## The problem
What is needed is an exact reproduction of the listing, without its pictures.

## Recorded data
_ _ _
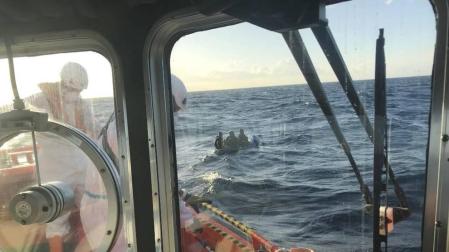Rescatados 31 inmigrantes de tres pateras en el Estrecho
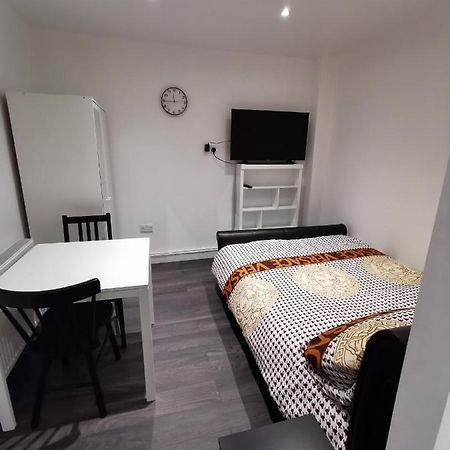 Studio Self Contained Double Bedroom Londres Exterior foto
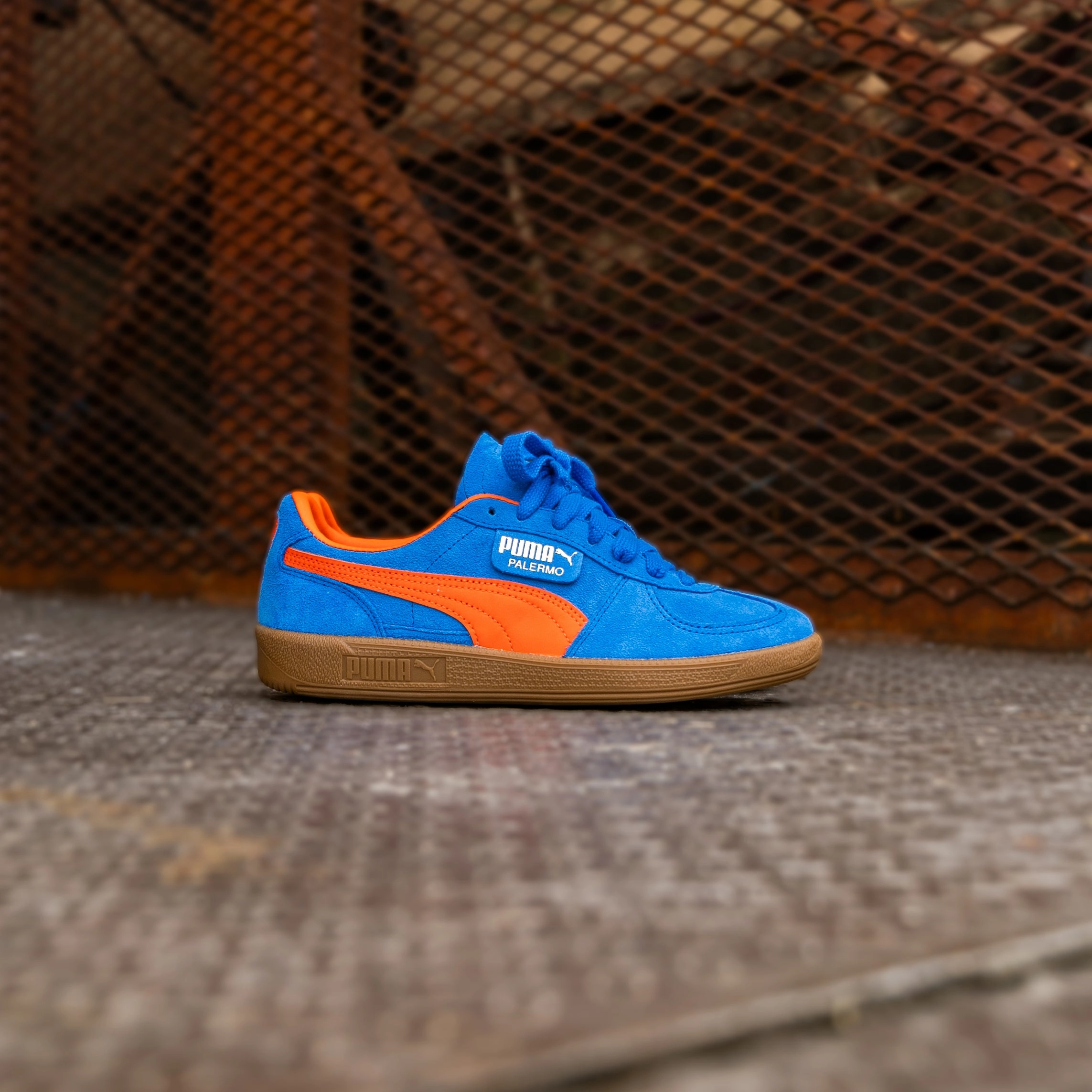 Versatile Everyday Design Zero Drop Profile Mens Puma Palermo (Hyperlink Blue/Flame Flicker/Gum)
_ _ _
## Solution to this exercise
Rescatados 31 inmigrantes de tres pateras en el Estrecho
 Studio Self Contained Double Bedroom Londres Exterior foto
 Versatile Everyday Design Zero Drop Profile Mens Puma Palermo (Hyperlink Blue/Flame Flicker/Gum)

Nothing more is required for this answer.